Margaret Gachoki Thongori v Peter Njenga Karienye [2022] KEELC 639 (KLR) | Review Of Judgment | Esheria

Margaret Gachoki Thongori v Peter Njenga Karienye [2022] KEELC 639 (KLR)

Full Case Text

REPUBLIC OF KENYA

IN THE ENVIRONMENT AND LAND COURT AT THIKA

ELC CIVIL APPEAL NO. 365 OF 2017

MARGARET GACHOKI THONGORI.......................APPELLANT

=VERSUS=

PETER NJENGA KARIENYE.................................RESPONDENT

RULING

1. This court [Angote J] rendered a judgment in this appeal on 24/4/2020. The court rendered itself thus:

“25. Exhibits in the lower court must be included in the Record of Appeal. In the absence of exhibits in the Record of Appeal, the appeal before me is incompetent and must fail on that ground.

26. In the circumstances, the appellant’s appeal is struck out with costs.”

2. Sixteen months later, specifically on 6/9/2021, the appellant brought a notice of motion dated 23/8/2021 seeking a review of the Judgment. The said application was supported by the appellant’s affidavit sworn on 23/8/2021. The application is the subject of this ruling.

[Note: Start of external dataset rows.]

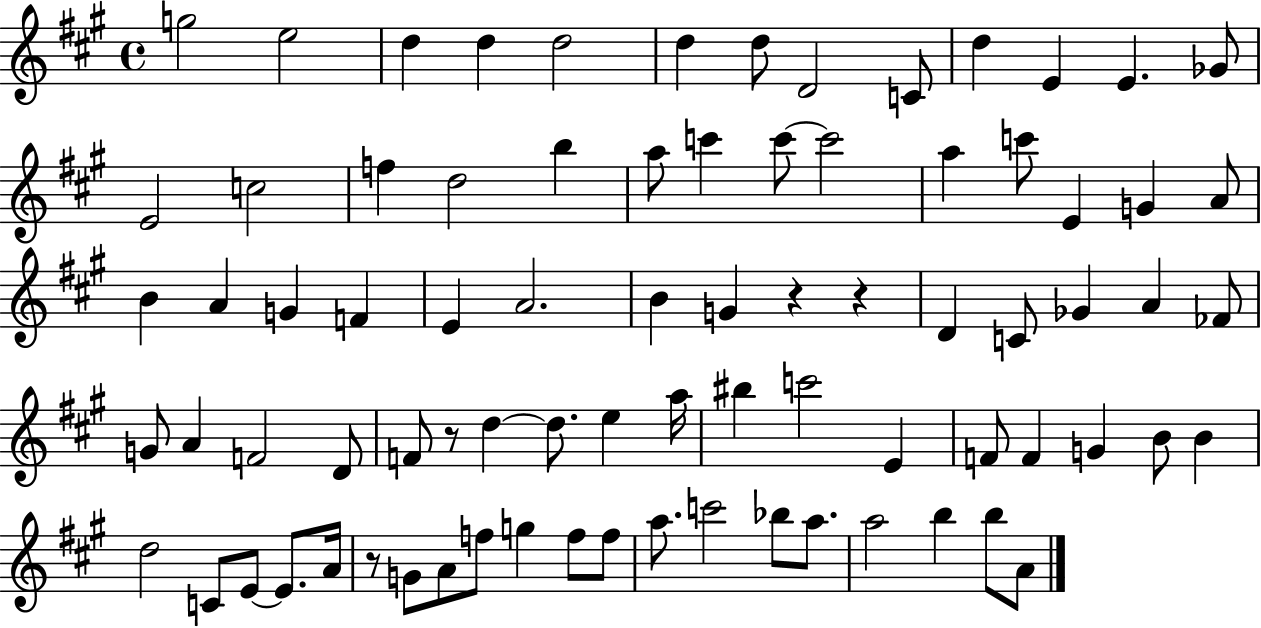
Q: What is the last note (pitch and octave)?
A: A4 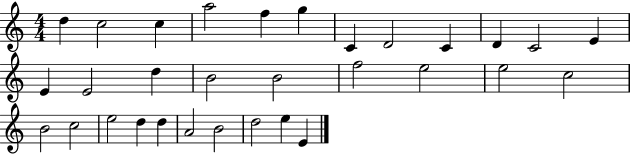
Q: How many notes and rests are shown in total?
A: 31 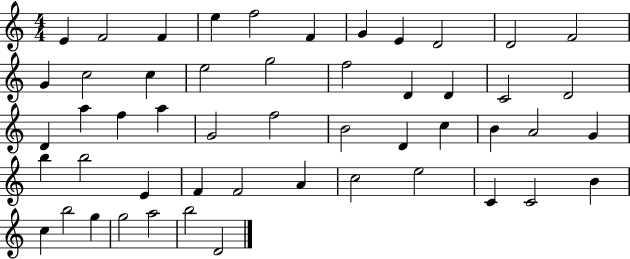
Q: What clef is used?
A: treble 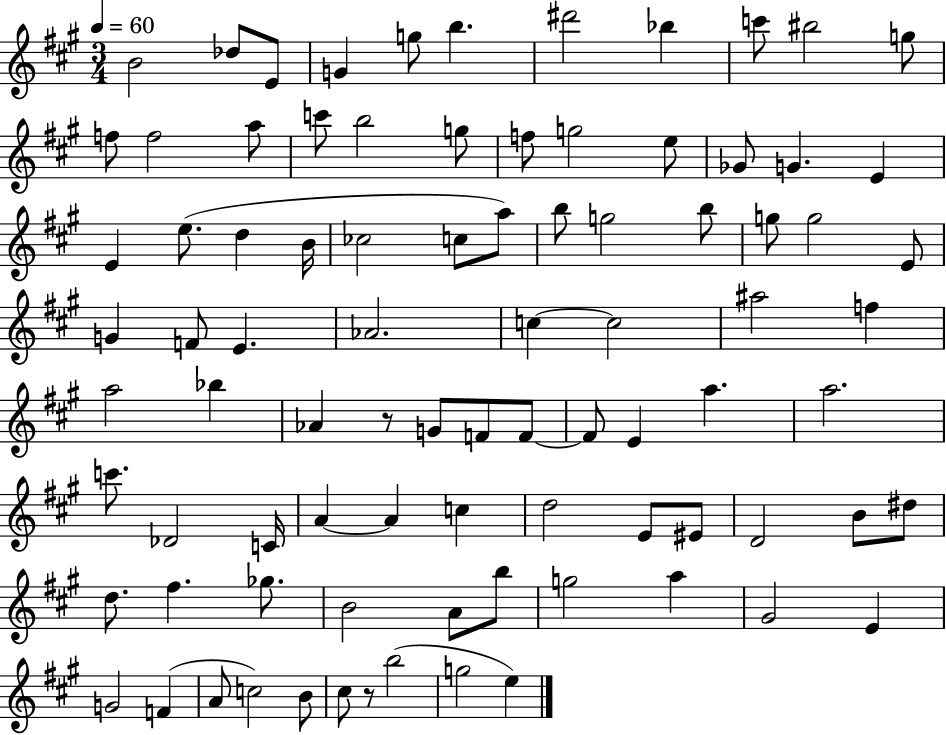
{
  \clef treble
  \numericTimeSignature
  \time 3/4
  \key a \major
  \tempo 4 = 60
  b'2 des''8 e'8 | g'4 g''8 b''4. | dis'''2 bes''4 | c'''8 bis''2 g''8 | \break f''8 f''2 a''8 | c'''8 b''2 g''8 | f''8 g''2 e''8 | ges'8 g'4. e'4 | \break e'4 e''8.( d''4 b'16 | ces''2 c''8 a''8) | b''8 g''2 b''8 | g''8 g''2 e'8 | \break g'4 f'8 e'4. | aes'2. | c''4~~ c''2 | ais''2 f''4 | \break a''2 bes''4 | aes'4 r8 g'8 f'8 f'8~~ | f'8 e'4 a''4. | a''2. | \break c'''8. des'2 c'16 | a'4~~ a'4 c''4 | d''2 e'8 eis'8 | d'2 b'8 dis''8 | \break d''8. fis''4. ges''8. | b'2 a'8 b''8 | g''2 a''4 | gis'2 e'4 | \break g'2 f'4( | a'8 c''2) b'8 | cis''8 r8 b''2( | g''2 e''4) | \break \bar "|."
} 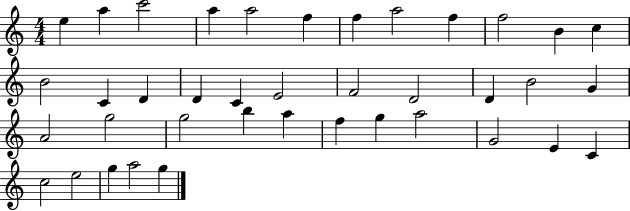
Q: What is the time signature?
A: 4/4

3. The ground advanced by the appellant in seeking to set aside the judgment of the court is that her previous advocate erroneously failed to include certain exhibits in the record of appeal. She contends that she was not aware of the mistake by her advocate. She adds that she stands to suffer irreparable loss if the Judgment is not reviewed. She further states that she was not aware that the appeal was coming up for judgment and only came to learn about the judgment after delivery.

4. The application was canvassed through brief written submissions dated 14/3/2022 filed by the firm of Kimani Charagu & Co Advocates.Counsel submitted that the court relied on the provisions of Order 42 rule 13(4)of the Civil Procedure Rules which provides that before allowing the appeal to go for hearing the judge shall be satisfied that certain specified documents are on record. Counsel argued that the judge having allowed the appeal to go for hearing, he should not have turned around and placed the blame on the appellant. Counsel contended that the judge should not have admitted the appeal for hearing, and that having allowed the appeal to go to hearing, he was equally to blame. Counsel argued that the best that the judge should have done was to order that a supplementary record of appeal be filed.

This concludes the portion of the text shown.